Middle children
At an academic conference; 22 people in the room. Speaker asks who is a middle child. There is only one in the entire group - him. Striking (if anecdotal) confirmation of stereotypes about birth order.
— Leigh Caldwell (@leighblue) December 14, 2018
As a loyal listener to More or Less, my first thought here is, “is that a big number?” And as a proud geek, my second thought is, let’s model it!
How many children are middle children?
Let’s suppose that the cliche of 2.4 children is reasonable, and that the number of children in a famliy follows a Poisson distribution: $C \sim Po(2.4)$.
I want to know - en route to the final answer - the probability that a randomly-selected child is a middle child. That is to say, the second of three, or the third of five; I suppose an only child is technically a middle child, but they’re also special in their own way.
So, running the numbers, about 9% of families in this model have no children. 22% have one child, 26% two, about one-in-five have three children, one in eight have four, 6% have five, 4.5% the field (and to be super-generous, let’s assume they’re all seven-child families.)

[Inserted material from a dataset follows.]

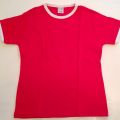 Koszulki bawełniane T-shirt czerwone z białymi lamówkami - zdjęcie 1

But that’s families, not children. Assuming 100 families, 22 are only children; 52 have one sibling; 60 are in a three-child family, 50 in a four-child family, 30 have four siblings and 32 (in our generous model) are one-in-seven.
How many of these are middle children? Twenty of the three-family children, six of the five-family and four or five of the sevens - altogether, around 30.

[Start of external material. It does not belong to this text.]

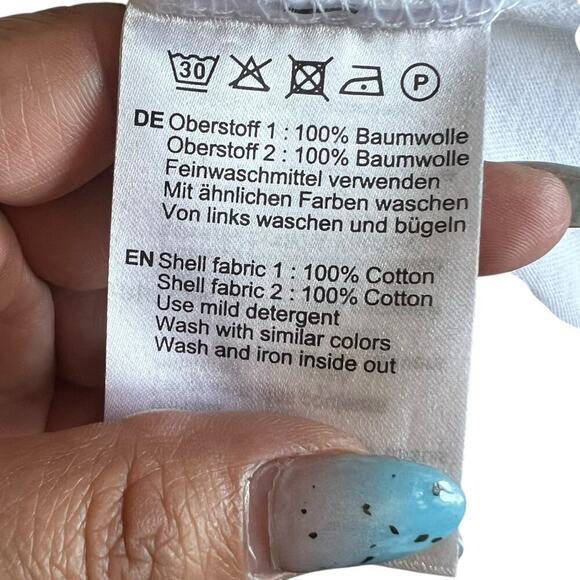 Hallhuber Women's 100% Cotton Causal Bubble Sleeve White Top Size Large - Picture 5 of 8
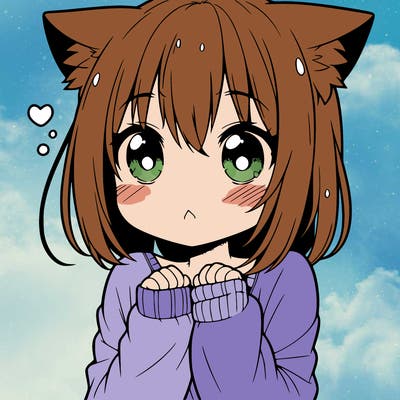 shy anime catgirl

The total number of children is 246, so it’s reasonable to say we’d expect one child in eight to be a middle child.
How about a room of 22 people?
Given there are 22 people in the room, we’d probably expect around three middle children. Is finding just one an anomaly? This requires a binomial expansion - 22 people, each with (under a null hypothesis yadda yadda) a 1-in-8 chance of being middle would give us $M \sim B \br{22, \frac{1}{8}}$.
And we can easily work out that the probability of having no middle children in the room is about 5%, and the probability of only one about one-in-six. So the probability of having one or fewer middle children is somewhere north of 20%, and not especially remarkable.
Even taking into account the fact that the person asking was a middle child himself, and presumably wouldn’t have asked if he weren’t, with $n=21$ we still have $P(M = 0) \approx 0.06$ - more unusual, certainly, but still not statistically significant.